A snap shot of the new imperialism that is currently in gestation in the corridors of power in the North is provided by Tony Blair’s foreign policy advisor Robert Cooper.  The new imperialism, according to him, would allow well-governed Western nations to impose order and stability on the globe.  He said, in a brutally frank manner: “We need to revert to rougher methods of an earlier era—force, preemptive attack, deception, whatever is necessary to deal with those who still live in the 19th century world”.

One of the frequently used terms in the contemporary political discourse is the international community.  As with many other terms, there is a huge gap between the literal meaning and the political connotation of the term.  As Noam Chomsky has pointed out, the term international community is actually a euphemism for the US and its allies and clients.  This self-defined, spurious “international community” has little or no regard for the perceptions and feelings of the genuine international community.  This fact was vividly reflected in the response of the US and its allies to the massive, unprecedented spate of anti-war protests spanning 600 cities across the world, including those in the US and Europe.  These protests were brushed aside in a cavalier manner by George W. Bush and Tony Blair.

To some extent, the UN is representative of the international community.  The US and its allies brazenly defied its mandate and authority by launching a unilateral offensive against Iraq.  Unfortunately, the UN also succumbed to the pressure of the world’s lone super power.  Germany, France and Russia, which initially opposed the war, unanimously backed the Security Council resolution 1483, which accorded de facto legitimisation to the invasion and occupation of Iraq by the Anglo-American forces.

Globalisation is a paradoxical phenomenon.  On the one hand, it has brought about an enormous amount of homogenisation across the world in respect of economic and political institutions and processes, information and communications technology, entertainment and lifestyle.  On the other, it has reinforced and intensified ethnic consciousness and cultural identity.  The fact however remains that globalisation is essentially dominated by the Western corporate world, that it serves the economic and geopolitical interests of the North rather than the South, that it has become an instrument of Western control and domination over large parts of the world.  It has imperiled the sovereignty and autonomy of quite a few countries in Asia, Africa and Latin America and undermined traditional cultures and ways of life in the Third World.

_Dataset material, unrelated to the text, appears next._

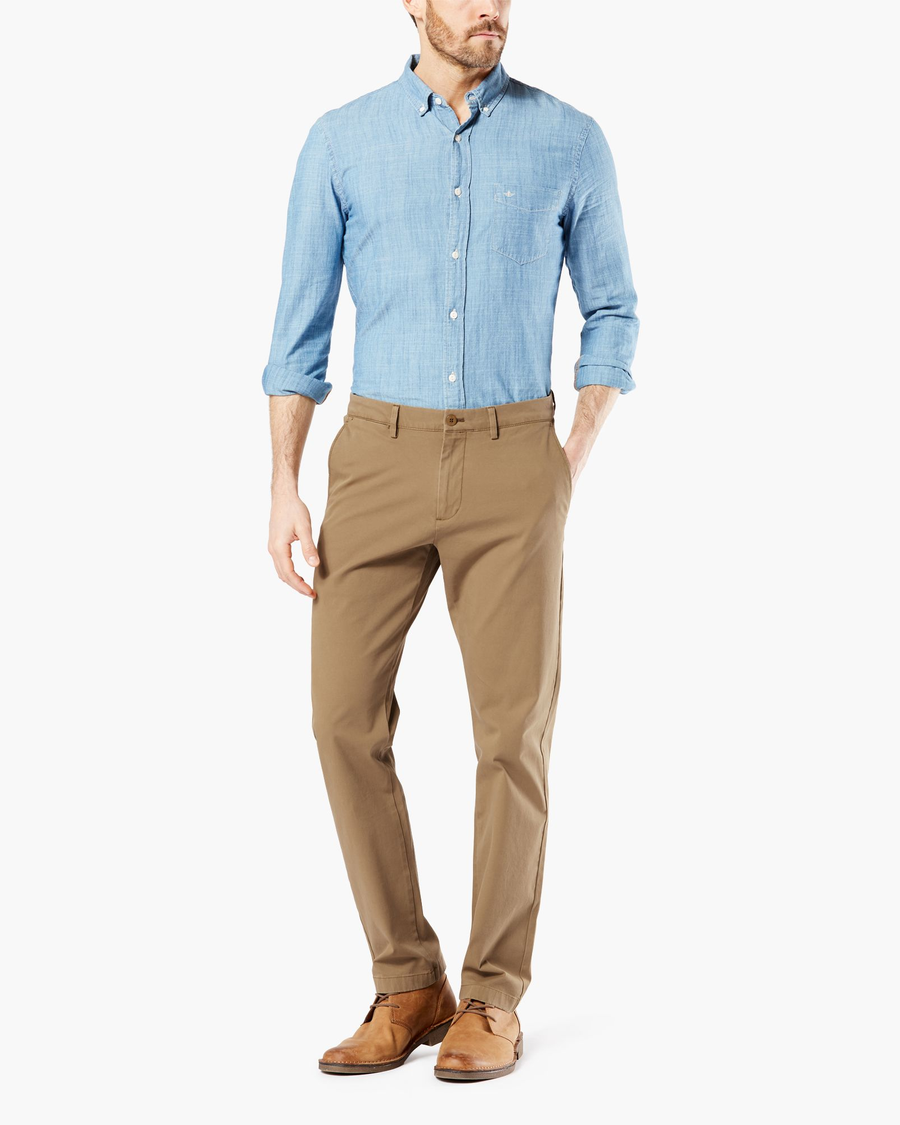 Front view of model wearing Ermine Motion Chinos, Tapered Fit (Big and Tall).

The history of civilisation reveals that attempts to subjugate and suppress people and forcibly assimilate them into the culture of the dominant groups are doomed to failure in the long run.  Large numbers of people across the globe, including the Western world, view the hegemonic, expansionist policies of the US and its allies with resentment and indignation.  They feel that the new imperialism casts an ominous shadow over democracy, peaceful coexistence, tolerance and human rights—values that are universally cherished and are enshrined in multiculturalism.  One hopes that, in the near future, a massive upsurge of public opinion across the world will stem the tide of tyranny and totalitarianism that threatens to engulf our planet.g

Professor A. R. Momin teaches sociology at the University of Mumbai.